The modern scientific consensus, as stated by the WHO in 2019, is that cannabis is a component cause of psychosis in genetically predisposed individuals, not the principal cause of most insanity cases. El Guindy's claim was hyperbolic by a factor of several orders of magnitude, and its legal consequences, namely 101 years of global prohibition, were built on that hyperbole.

Sources: Di Forti M et al., "The contribution of cannabis use to variation in the incidence of psychotic disorder." The Lancet Psychiatry, 2019. doi:10.1016/S2215-0366(19)30048-3. Gage SH, Hickman M, Zammit S, "Association Between Cannabis and Psychosis." Biological Psychiatry, 2016. Murray RM et al., "Cannabis-associated psychosis: Neural substrate and clinical significance." Neuropharmacology, 2017. WHO Expert Committee on Drug Dependence, Critical Review of Cannabis, 2019.

El Guindy's Claim · Geneva, 19 February 1925

"If left unchecked in the absence of opium, cannabis would become a terrible menace to the whole world."

The Science Desk Verdict · 2026

One hundred and one years have elapsed since El Guindy made this warning. The record is now complete enough to assess it directly. Canada legalised cannabis for adult recreational use in 2018. Germany legalised it in April 2024. Uruguay, Malta, Luxembourg, Thailand, and twenty-four American states have done the same. South Africa's Constitutional Court ruled in 2018 that private cultivation and use is a constitutional right. Lesotho, Zimbabwe, Malawi, Zambia, Ghana, and Morocco have legalised medical cultivation. The global legal cannabis market was valued at $57 billion in 2023 and is projected to reach $100 billion by 2028.

The "terrible menace to the whole world" that El Guindy warned of has not materialised in any jurisdiction that has legalised cannabis. In Canada, youth cannabis use rates have remained stable or declined since legalisation. In Colorado, the first American state to legalise adult recreational use in 2012, cannabis-related road deaths have not increased above the statistical trend. In the Netherlands, where cannabis has been available in regulated coffee shops since the 1970s, the rate of cannabis use is lower than in the United Kingdom, where it remains illegal. El Guindy's prediction is not merely unverified.

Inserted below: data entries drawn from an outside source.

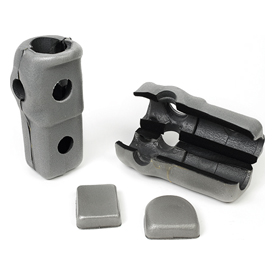 R553W — R554D ünitesi için yalıtım seti ve kapaklar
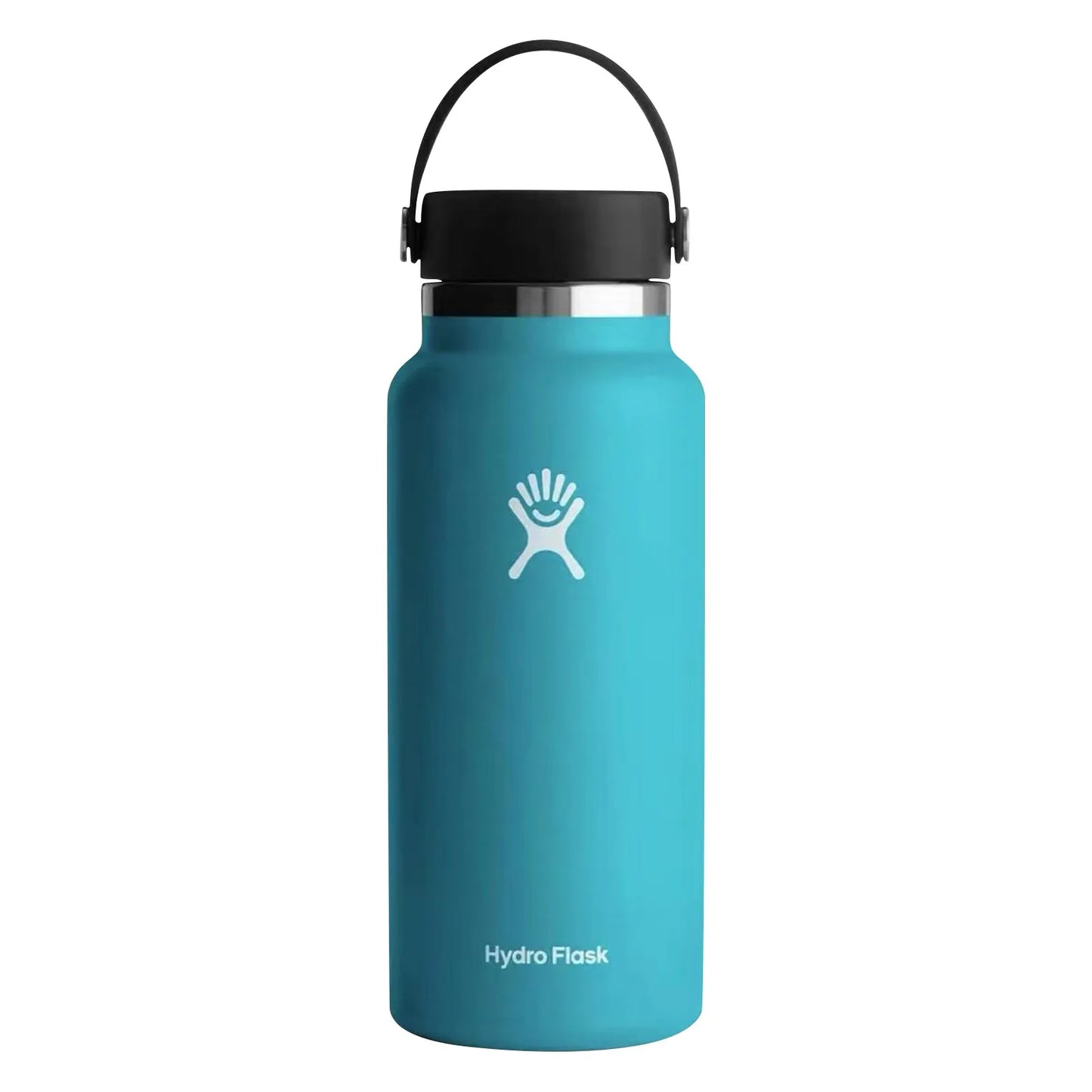 New 32oz Stainless Steel Insulated Water Cup – Leak-Proof Office Mug with Handle & Soft Cover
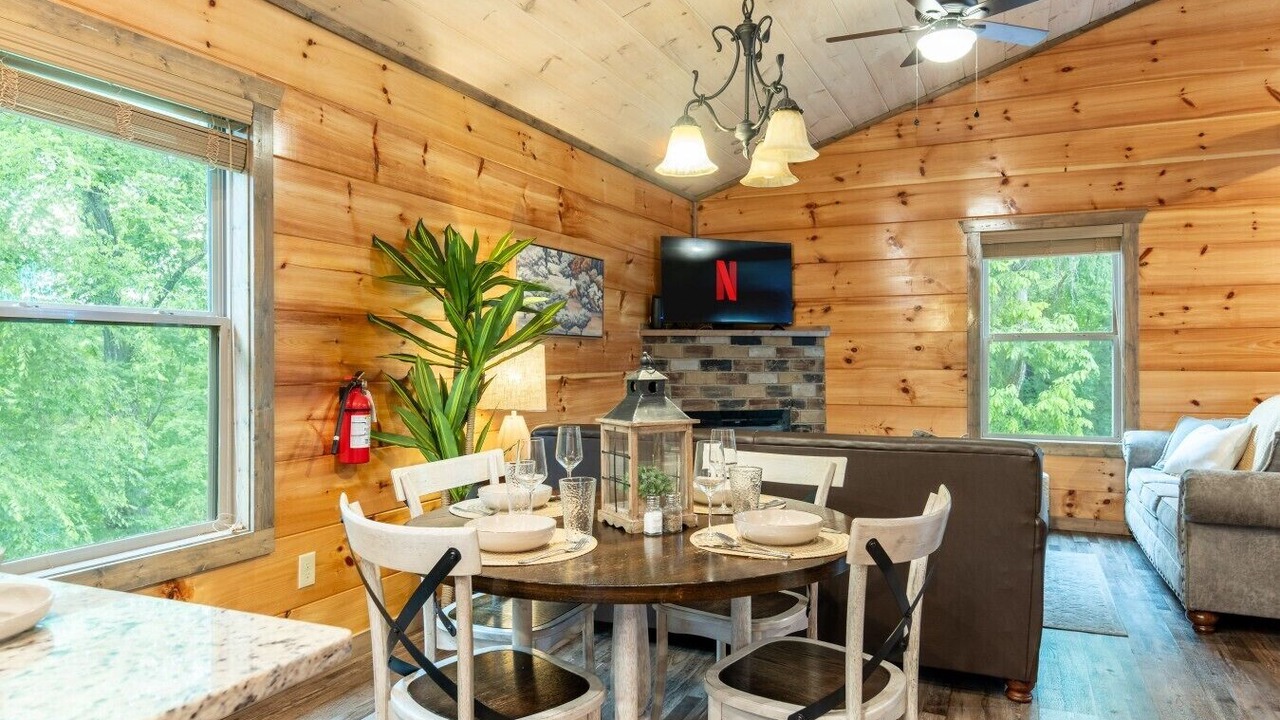 Photo of Bedroom in Sevierville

It is empirically contradicted by the documented outcomes in every major jurisdiction that has ended prohibition.

Sources: Health Canada, Cannabis Legalization and Regulation, National Cannabis Survey 2023. health.canada.ca. European Monitoring Centre for Drugs and Drug Addiction (EMCDDA), Cannabis Policy Report, 2024. emcdda.europa.eu. RAND Drug Policy Research Center, "Legalizing Marijuana in Colorado." 2013. Decorte T et al., "European Cannabis Policies and Their Apparent Impact." International Journal of Drug Policy, 2022.

El Guindy's Claim · Geneva, 19 February 1925

"Cannabis should be treated as a habit-forming drug subject to the same strict international controls as opium."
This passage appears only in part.